Una voz la sacó de su ensoñación, y se reprendió a sí misma. De verdad, ¿podía ser más tonta, especialmente en ese momento? Perdiendo el tiempo en fantasías cuando... cuando el protagonista real de ellas estaba justo frente a ella, con esa sonrisa inocente y el cabello alborotado que tanto le gustaba.

Era cinco de Enero, el día en que su novio-aún-sin-estrenar regresaba, y ella se encontraba esperándole en el aeropuerto, el mismo en el que apenas dos semanas antes le había dicho adiós. Kami-sama sabía que su ausencia se le había hecho eterna.

- ¡Gaara!

Y sin dudarlo un instante, corrió veloz a refugiarse entre los brazos del muchacho, que se cerraron en torno a ella anhelantes de su contacto.

- Te he echado de menos, Ino.

- ¿De verdad? ¿Mucho? - y sonrió cuando él asintió - Yo también. Tantísimo, Gaara...

Y mostrando la falta de vergüenza que la caracterizaba, se enzarzó con él en un fogoso beso allí mismo. No que el joven protestase tampoco.

- I-Ino... - farfulló él ronco, calmando el beso - Este no es lugar para...

- Lo sé, lo sé - aceptó ella, pero sin una pizca de arrepentimiento - Ya avisé a mi padre de que hoy no dormiría en casa porque iba a estar contigo. ¿Los tienes?

Gaara se sonrojó inmediatamente, recordando el último mensaje de la chica antes de despedirse, pero asintió con la cabeza, incapaz de articular palabra.

Por cierto, cuando regreses, acuérdate de traer condones. Y muchos, porque los vamos a necesitar.

- ¡Bien! - rió ella, feliz - ¡Vamos entonces!

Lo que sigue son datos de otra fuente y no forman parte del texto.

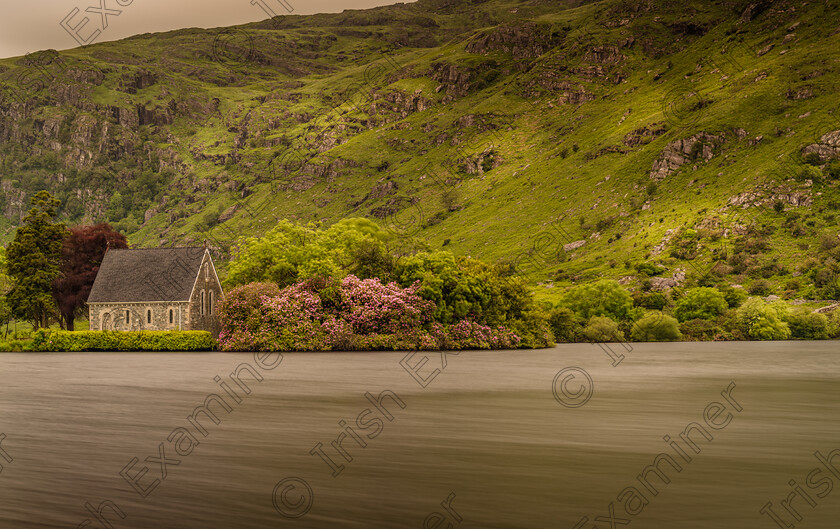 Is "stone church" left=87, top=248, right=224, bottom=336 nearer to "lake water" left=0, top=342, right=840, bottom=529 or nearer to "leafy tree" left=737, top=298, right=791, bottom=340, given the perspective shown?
"lake water" left=0, top=342, right=840, bottom=529

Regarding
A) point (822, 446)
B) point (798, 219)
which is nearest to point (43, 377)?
point (822, 446)

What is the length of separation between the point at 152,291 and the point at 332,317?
1089 inches

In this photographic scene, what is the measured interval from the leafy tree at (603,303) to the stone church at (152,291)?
219 feet

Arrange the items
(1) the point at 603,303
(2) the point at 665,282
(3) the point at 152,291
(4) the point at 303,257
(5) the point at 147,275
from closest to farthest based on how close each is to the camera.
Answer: (4) the point at 303,257, (3) the point at 152,291, (5) the point at 147,275, (1) the point at 603,303, (2) the point at 665,282

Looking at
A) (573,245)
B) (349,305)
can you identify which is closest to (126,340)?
(349,305)

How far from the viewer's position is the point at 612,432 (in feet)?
67.5

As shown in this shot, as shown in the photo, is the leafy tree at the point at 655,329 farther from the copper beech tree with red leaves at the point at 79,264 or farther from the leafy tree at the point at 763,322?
the copper beech tree with red leaves at the point at 79,264

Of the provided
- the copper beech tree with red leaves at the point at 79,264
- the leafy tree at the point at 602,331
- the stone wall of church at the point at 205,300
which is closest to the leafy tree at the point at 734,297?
the leafy tree at the point at 602,331

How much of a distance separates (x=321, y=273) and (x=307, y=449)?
58476 millimetres

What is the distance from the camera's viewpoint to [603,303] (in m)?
125

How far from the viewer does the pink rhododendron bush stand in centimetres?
7038

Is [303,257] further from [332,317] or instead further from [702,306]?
[702,306]

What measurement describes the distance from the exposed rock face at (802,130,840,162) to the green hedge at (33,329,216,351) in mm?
169971

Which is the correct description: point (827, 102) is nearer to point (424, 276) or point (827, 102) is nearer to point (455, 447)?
point (424, 276)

Y cogidos de la mano, salieron del aeropuerto y tomaron un taxi, rumbo a la residencia de estudiantes en la que Gaara vivía en Konoha. Los nervios le comían por dentro, pero no pudo evitar contagiarse de la alegría de Ino. ¿Qué más podía pedir? Iba a compartir una de las experiencias más importantes de la vida junto a la chica que amaba... a la única que era y siempre sería suya. Aun dentro del vehículo, una oleada de ternura le invadió y depositó un casto beso en la mejilla de la rubia, quien sonrió ante el adorable gesto de afecto.

Una vez dentro de la habitación, Gaara se sorprendió al encontrar su boceto colgado en la pared, aquél para el cual Ino le había contratado al principio de su relación. La miró interrogante, mientras colgaba su cazadora del respaldo de la silla.

- Decidí no presentarlo - le explicó con una leve huella de nostalgia en la voz - Durante el tiempo que me pasé dibujándote, me di cuenta de que no quería que nadie más lo viera. Incluso cuando Sai vino a darme su opinión me sentí reticente, aunque todavía no sabía por qué.

- ¿No lo entregarás? ¿Pero qué pasará con tu trabajo para el final de este semestre? Ya no tienes tiempo de hacer uno nuevo.

- No importa, porque... he abandonado arte - le informó, para sorpresa de él - Es algo que me gusta hacer como pasatiempo, pero es evidente que no tengo talento, y además tampoco es algo que me haga feliz. No me imagino dedicándome a ello como obligación el resto de mi vida.

- ¿Y qué harás entonces?

- Hablé con Hokage-sama al respecto, y he podido cambiar de rama - dijo Ino feliz - Claro que no podré recuperar este curso entero, pero al menos conservaré algunos de mis créditos. En cuanto se reinicien las clases, seré transferida a la sección médica general para así, el año próximo, comenzar una especialidad en psiquiatría.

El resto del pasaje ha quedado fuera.